Merle Haggard and the Strangers chronology
| It's Not Love (But It's Not Bad) (1973) | If We Make It Through December (1974) | Merle Haggard Presents His 30th Album (1974) |

Singles from If We Make It Through December
- "If We Make It Through December" Released: October 27, 1973;

= If We Make It Through December (album) =

If We Make It Through December is the sixteenth studio album by American country music singer Merle Haggard and the Strangers, released in 1974. It reached number 4 on the Billboard country album charts. The title track was previously released on Haggard's Christmas release of 1973, A Christmas Present. The single spent four weeks at No. 1 on the Billboard magazine Hot Country Singles chart in December 1973 and January 1974, and cracked the Top 30 of the Billboard Hot 100. "If We Make It Through December" was the No. 2 song of the year on Billboard's Hot Country Singles 1974 year-end chart.

==History==
Haggard's 1973 Christmas single "If We Make It Through December" proved to be so popular that it became the title track for this February 1974 release. The song explores the feelings of an unemployed father struggling to make ends meet and provide a happy Christmas for his daughter. As Daniel Cooper observes in the liner notes to the 1994 Haggard box set Down Every Road, "That it's one of the most heartbreaking Christmas songs ever recorded didn't matter to people who prefer honestly rendered pain to false merriment." In his book Merle Haggard: The Running Kind, David Cantwell notes that "If We Make It Through December" is a Christmas song, but "it feels like an anti-Christmas song. The character he plays isn't just feeling blue this holiday season like we've seen in hundreds of other Christmas numbers. He hates Christmas, hates the whole idea of it, at least this year." The song reached number one on the country singles chart and crossed over to number 28 on the pop charts, becoming Haggard's biggest hit.

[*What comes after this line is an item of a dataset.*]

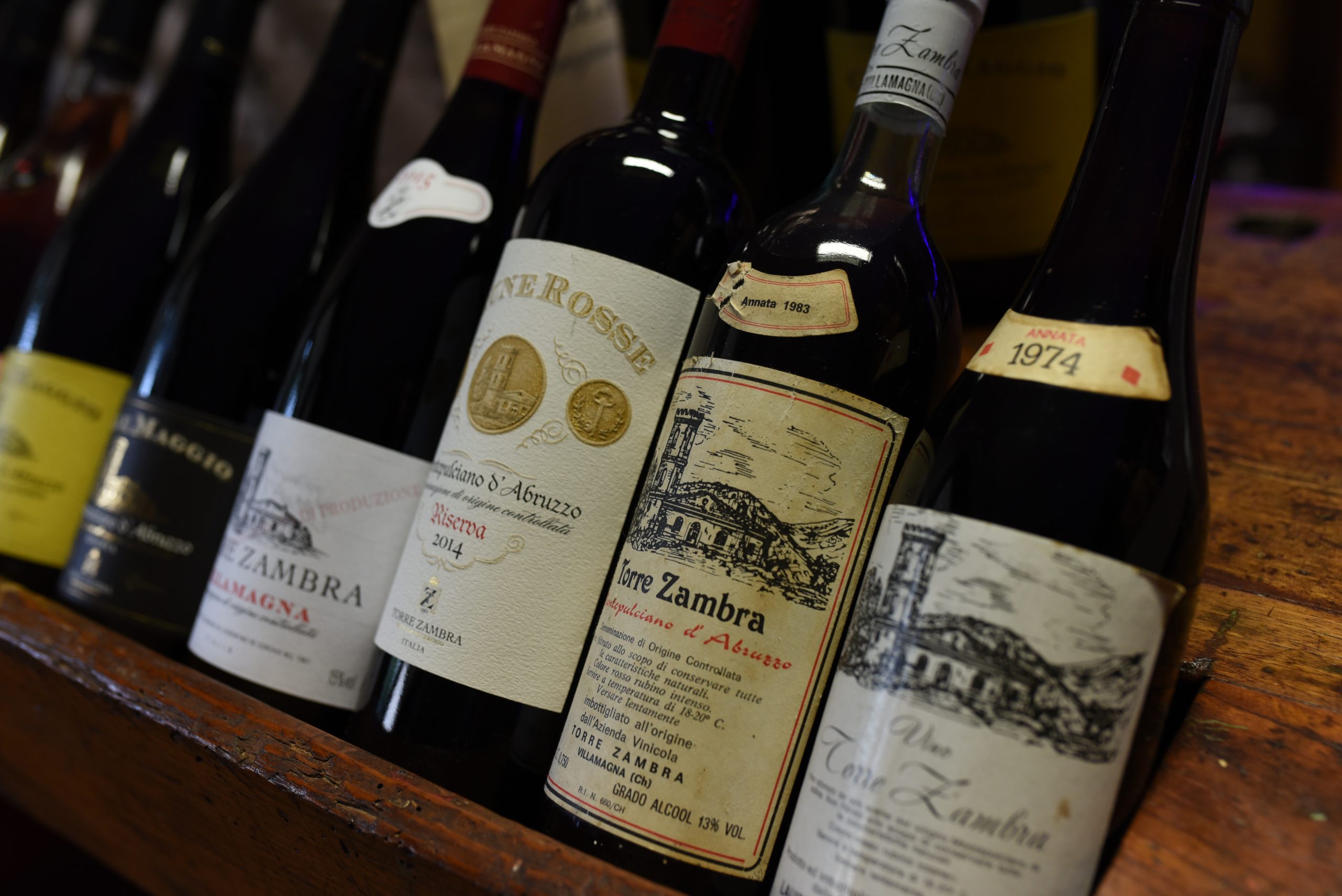Torre Zambra bottiglie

Although Haggard had been writing the majority of the songs on his LPs for years, outside contributions dominate this album. As he later recalled in his 1981 autobiography Sing Me Back Home, Haggard and wife Bonnie Owens were splitting up at the time.

==Critical reception==

‘‘If We Make It Through December’’ was generally well received by critics. In a review published in the Houston Post’’, Bob Claypool wrote that Merle Haggard “has done it again,” adding that the album was “one of the finest country LPs to appear so far this year.”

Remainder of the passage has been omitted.